"Reformationsfenster"-Streit: Architekten-Erbe legt Berufung ein

"Reformationsfenster" für die Marktkirche
© epd-bild/Jens Schulze
Der Künstler Markus Lüpertz , ein Freund des Altkanzlers Schröder, hat für das 13 Meter hohe Buntglasfenster einen Entwurf mit Motiven der Reformation gefertigt.
"Reformationsfenster"-Streit: Architekten-Erbe legt Berufung ein
Der Rechtstreit um das von Altkanzler Gerhard Schröder gestiftete "Reformationsfenster" für die Marktkirche in Hannover geht in die nächste Runde. Der Anwalt des Architekten-Erben Georg Bissen, Frank Meier, hat Berufung gegen das Urteil des Landgerichts Hannover eingelegt, wie Meier am Montag auf epd-Anfrage mitteilte.

Bissen will verhindern, dass das 13 Meter hohe Buntglasfenster an der Südseite der evangelischen Marktkirche eingebaut wird. Das Landgericht hatte die Installation Mitte Dezember in erster Instanz erlaubt (AZ: 18 O 74/19). Das rund 150.000 Euro teure Fenster mit Motiven zur Reformation wurde von dem Künstler Markus Lüpertz entworfen.

Meier sagte, er sehe nach einer ersten Prüfung des Urteils gute Gründe für eine Berufung beim Oberlandesgericht Celle. Sein Mandant hatte geltend gemacht, das Buntglasfenster passe nicht in die spätgotische Kirche und beeinträchtige die Optik des schlichten Kirchenraums. Georg Bissen hält die Urheberrechte am Werk seines Stiefvaters Dieter Oesterlen (1911-1994), nach dessen Plänen die im Krieg zerstörte Kirche nach 1946 wiederaufgebaut und neu gestaltet worden war.

Georg Bissen, macht sich bei einem Ortstermin im vergangenen Oktober ein Bild von der Marktkirche. Er will den Einbau des Reformationsfensters verhindern.

Das Landgericht hatte entschieden, dass ein Eingriff ins Urheberrecht in diesem Fall gerechtfertigt werden könne. Die Marktkirche sei als "Gebrauchskunstwerk" einzustufen, das nicht unveränderlich bleiben müsse wie ein Denkmal. Die Richter stützten sich dabei auf das kirchliche Selbstbestimmungsrecht und die Religionsfreiheit.

Ein Sprecher des Oberlandesgerichts Celle erläuterte dem epd, das Gericht müsse nun zunächst prüfen, ob die Berufung zulässig und begründet sei.
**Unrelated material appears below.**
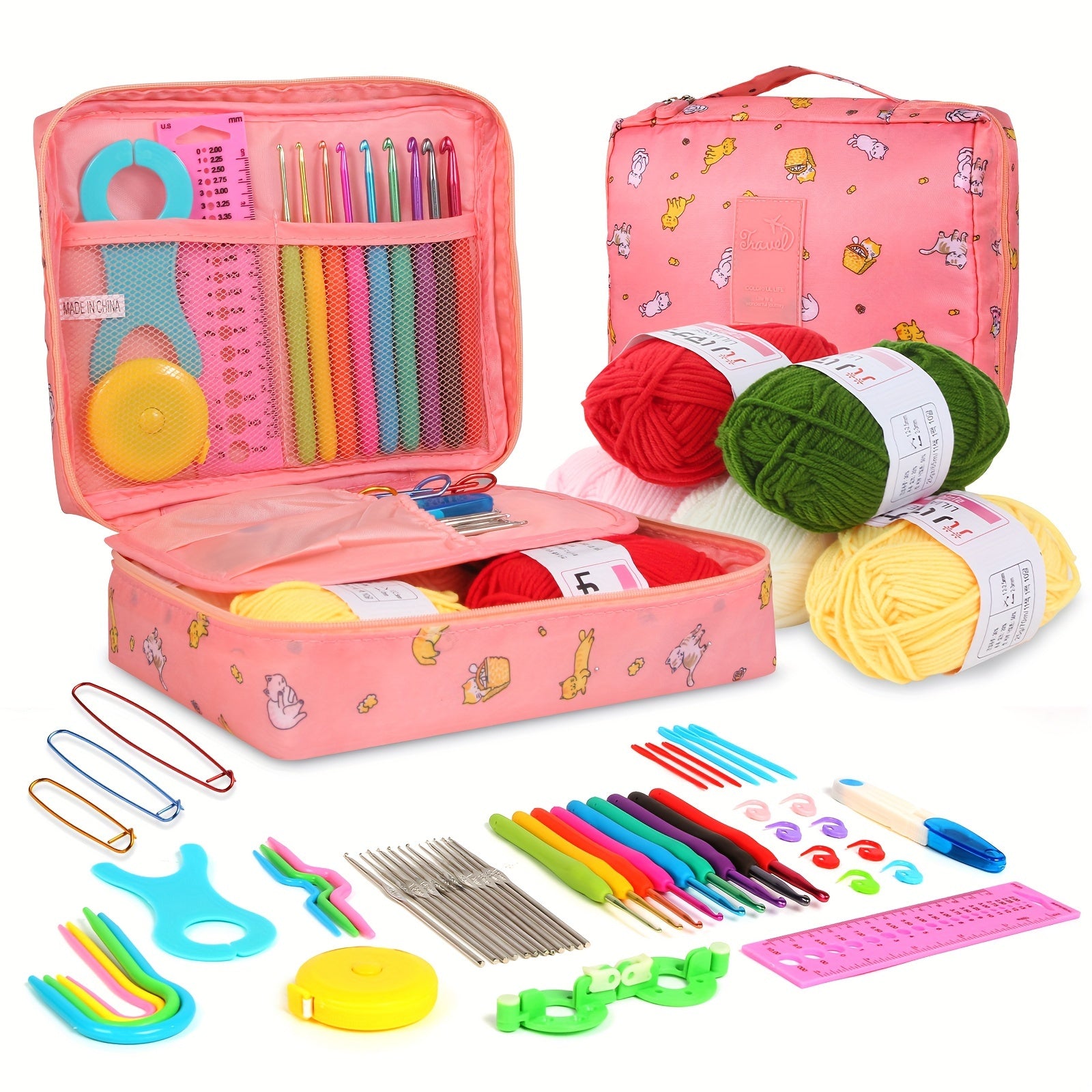 59-Piece Crochet Kit for Beginners with Metal Hooks Yarn Balls Needles and Case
Zudem stelle sich die Frage, ob es eine neue Beweiserhebung geben solle, ob Zeugen befragt und Gutachten von Sachverständigen eingeholt werden müssten. Wann diese Entscheidungen fielen, sei gegenwärtig nicht absehbar.

Das Landgericht Hannover hatte entschieden, dass ein Eingriff ins Urheberrecht in diesem Fall gerechtfertigt sei. Die Marktkirche sei als "Gebrauchskunstwerk" einzustufen, das nicht unveränderlich bleiben müsse wie ein Denkmal. Die Richter stützten sich dabei auf das kirchliche Selbstbestimmungsrecht und die Religionsfreiheit.
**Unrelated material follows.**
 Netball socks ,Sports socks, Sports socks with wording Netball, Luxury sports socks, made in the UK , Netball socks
Marktkirchen-Pastorin Hanna Kreisel-Liebermann bedauerte den Fortsetzung des Rechtsstreits. Durch die Berufung werde sich der geplante Einbau sicherlich verzögern, sagte sie dem epd: "Mein Wunsch wäre gewesen, das Fenster im April einzubauen. Ob wir diesen Plan jetzt halten können, ist fraglich."
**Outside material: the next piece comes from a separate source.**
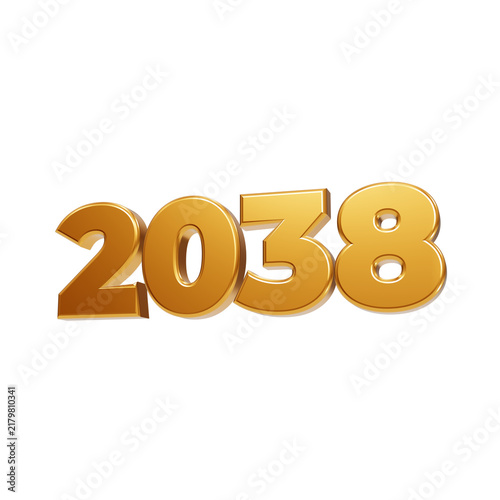 Bild auf Leinwand Golden three dimensional numbers showing the year 2038 positioned against a dark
Das Fenster zeigt eine große weiße Figur, die den Reformator Martin Luther (1483-1546) darstellen soll, sowie zahlreiche Einzelmotive mit Bezug zur Reformation. Für kontroverse Diskussionen sorgen unter anderem fünf große schwarze Fliegen, die für das Böse und die Vergänglichkeit stehen.

Nach den Plänen der Marktkirche sollte das Fenster eigentlich in diesem Jahr eingebaut werden. Es wurde von der Glasmanufaktur Derix im hessischen Taunusstein bereits zu großen Teilen fertiggestellt. Altkanzler Schröder hat es der Marktkirche als Ehrenbürger von Hannover gespendet. Die bisherigen Kosten hat er nach Angaben der Kirche bereits beglichen - Schröder wollte dafür Vortragshonorare weitergeben.